Mitigation – deep rapid cuts to worldwide emissions – is the first, essential element of effective climate response. I don’t think there’s anyone thinking seriously about climate change who disagrees with this. In the Commission’s words, mitigation is the “foundational strategy.” Yet when the Commission began its work, it first planned not to speak about mitigation – not because they didn’t recognize its primary importance, but because they thought there wasn’t much for them to add to what’s already being said, particularly given the tight time limit on their work. But partway through, the Commissioners realized that not speaking on mitigation would risk them being mistakenly seen to not accord it the needed priority, so they changed course – correctly, even necessarily, in my view. But in making this decision, they also resolved that their messages on mitigation had to cut through the noise and move the debate, and thus sought to make their recommendations radical. I think they succeeded at this, although it’s not clear from the initial reactions to their report that their radicalism has been noticed – yet.

Their mitigation recommendations include calls to adopt stronger national and international accountability mechanisms for emissions cuts; policy and financing innovations to promote faster deployment of zero-emissions technologies; and for countries to recognize each other’s climate policies and reflect them in trade measures. They also call for cutting short-lived climate forcers even faster than now being pursued. These are strong recommendations, persuasive and well conceived. But they also could plausibly be adopted within a few years if governments are serious about ramping up their ambition, so do not necessarily meet the aim of proposing something radical enough to move the debate.

So, where’s the radicalism?

It’s in their very first mitigation recommendation, for a “graduated, differentiated phaseout” in production and consumption of fossil fuels. Wait a second, you might say, what’s so radical about that? Isn’t it obvious that the world needs to get rid of fossil fuels, and haven’t a bunch of people called for it? Well, yes. But the Commission’s proposal is vastly stronger than either the weak language adopted at Glasgow – which calls on parties to “… accelerat(e) efforts towards the phasedown of unabated coal power and phase-out of inefficient fossil fuel subsidies …” or the language now being discussed for the coming COP28, which speaks of phasing out unabated fossil fuels. The word “unabated” has been used frequently in recent months by Sultan al-Jaber of the United Arab Emirates who is overseeing this year’s COP; it was included in a draft document by EU countries; and it appears in the mitigation findings of the global stocktake released earlier this month.
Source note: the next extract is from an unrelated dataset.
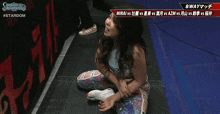 a female wrestler is sitting on the floor in front of a banner that says stardom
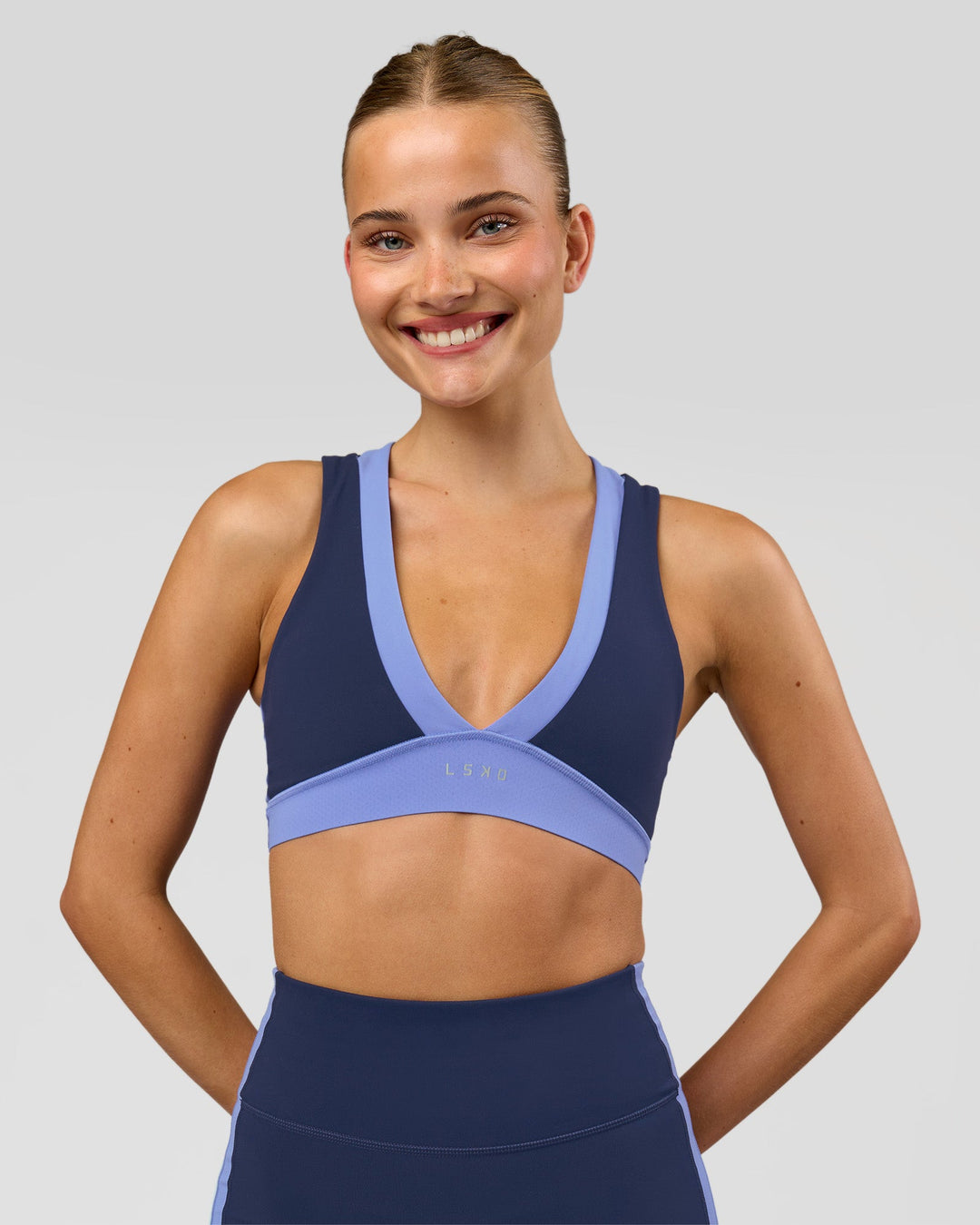 Woman wearing Stamina Layered Sports Bra - Future Navy-Bluebell | Model:Taneisha | Size:XS - view 6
The Commission’s proposal is also substantially stronger, and at the same time more practical, than the most ambitious fossil-fuel proposals being promoted by activist nations: the Fossil Fuel Non-Proliferation Treaty and the Beyond Oil and Gas Alliance.

What makes the Commission’s proposal so radical is the combination of its ambition; its inclusion of key design elements that make it plausibly operationalizable; and the stature of the Commission. No mitigation proposal remotely this strong has been advanced in policy debate, certainly not by any body with stature similar to the Commission’s.

It is these elements taken together that make the Commission’s proposal radical. Even better, they might position the proposal in that sweet spot that actually makes change, where the “radical and transformative” overlaps with the “close enough to feasible that it can’t be arbitrarily dismissed or quietly ignored.”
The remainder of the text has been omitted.